American psychiatrist and clairvoyant

Judith Orloff (born June 25, 1951) is an American board-certified psychiatrist, self-claimed clairvoyant (psychic), and the author of five books.

==Early life and education==
Orloff was born in Philadelphia, Pennsylvania, to Jewish parents Theodore and Maxine Orloff, both of whom were physicians. Her family includes many physicians. She grew up in Beverly Hills, where she later said that she had experienced strong intuitions as a child.

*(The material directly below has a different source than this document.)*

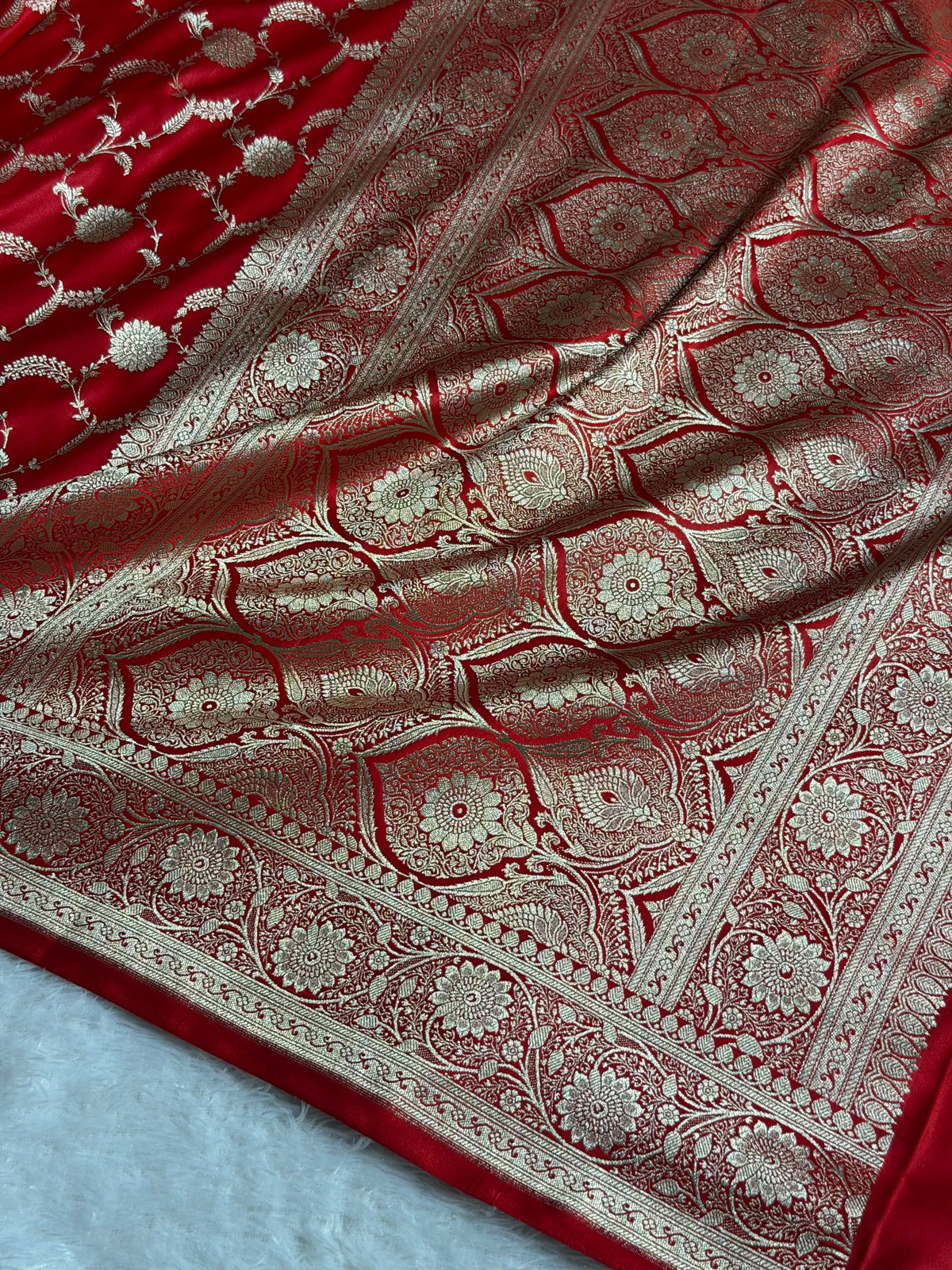 Banarasi Mashru Satin Silk Saree Jaal Pattern In Red Shades MSK39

Orloff earned her Doctor of Medicine (M.D.) degree from the University of Southern California in 1979. She completed a medical internship at Wadsworth Veteran's Hospital in Los Angeles in 1980 and held a psychiatric residency at the UCLA Neuropsychiatric Institute from 1979 to 1983.

==Career==
Orloff held staff positions at hospitals in the Los Angeles area (Cedars Sinai Medical Center, St Johns Medical Center, the Daniel Freeman Hospital, and Brotman Medical Center). She opened a private practice in Los Angeles in 1983. She has taken part in what she calls "intuitive research" projects with Thelma Moss, Mobius Group and the Institute of Noetic Sciences, and is a member of the American Psychiatric Association and the Southern California Psychiatric Society. Orloff is an assistant clinical professor of psychiatry at UCLA, and leads workshops on the relationships between medicine, intuition, and spirituality.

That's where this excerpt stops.